Project description:Genetic alteration involving N6-methyladenosine (m6A) regulatory genes is a frequent characteristic of multiple tumors. Nevertheless, little is known regarding their genetic alteration signatures and prognostic values in head and neck squamous cell carcinoma (HNSCC). In this study, RNA sequence profiles and copy number variation (CNV) data of 506 HNSCC patients were downloaded from The Cancer Genome Atlas (TCGA) database. Correlation analysis involving alteration of m6A regulatory genes, clinicopathological characteristics, and patient survival was performed using R language. The results suggest that alteration of m6A regulatory genes was correlated with clinical staging. Patients with high expression of ALKBH5, FTO, METTL14, WTAP, YTHDC1, YTHDF1, and YTHDF2 had poor overall survival (OS) than those with low expression. Univariate and multivariate Cox regression analyses showed that ALKBH5 and YTHDC2 were independent risk factors for OS. However, patients with high YTHDC2 expression had better OS. Moreover, according to machine learning results, YTHDC2 was found to be the most important gene among the 10 m6A regulators. Additionally, high expression of YTHDC2 was correlated with activation of apoptosis and ubiquitin-mediated proteolysis.

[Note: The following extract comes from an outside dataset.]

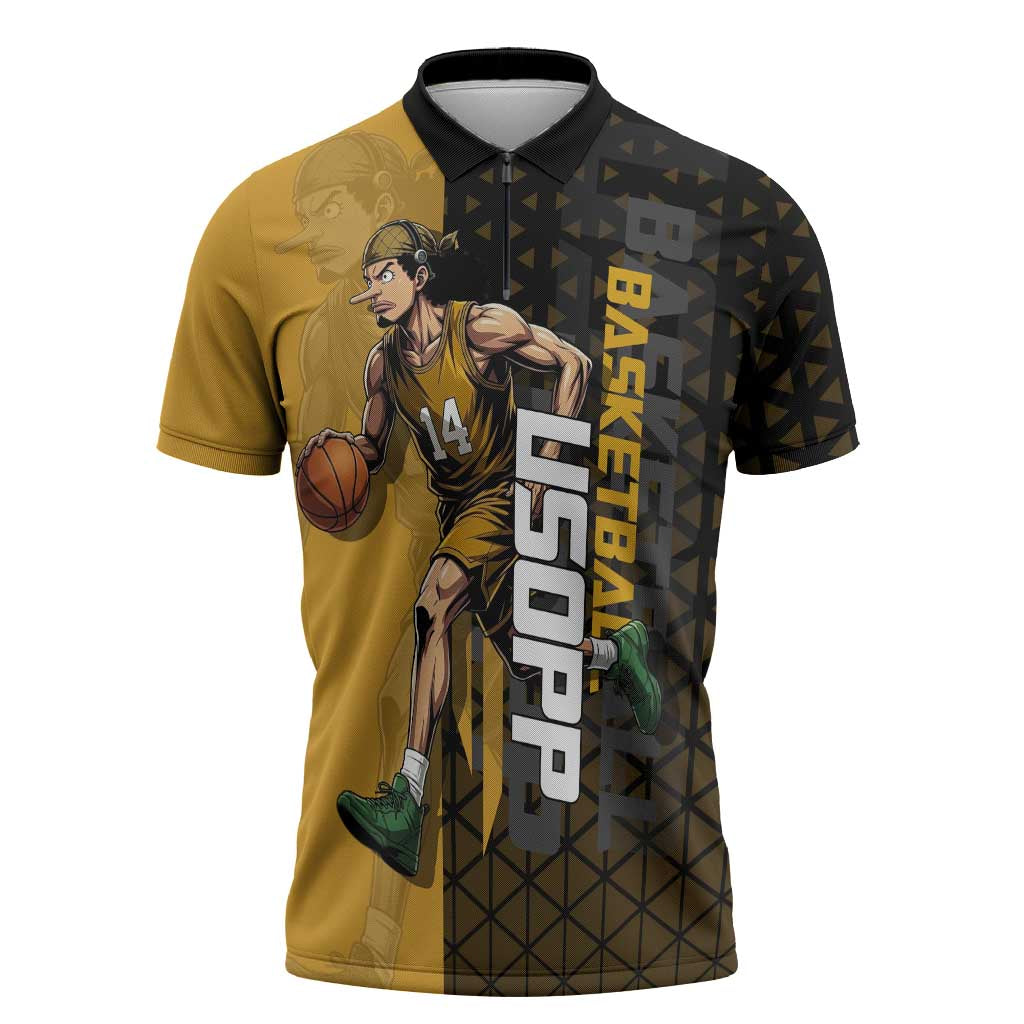 Usopp One Piece Basketball Theme Yellow and Black Design Zipper Polo Shirt with Sniper Emblem and Action Pose - The Mazicc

Here, we identified alterations to m6A regulatory genes in HNSCC for the first time and found that seven m6A regulators were associated with poor prognosis, especially ALKBH5, whereas YTHDC2 was associated with better prognosis. These m6A-related regulators could act as novel prognostic biomarkers for HNSCC. Our findings provide clues for understanding RNA epigenetic modifications in HNSCC.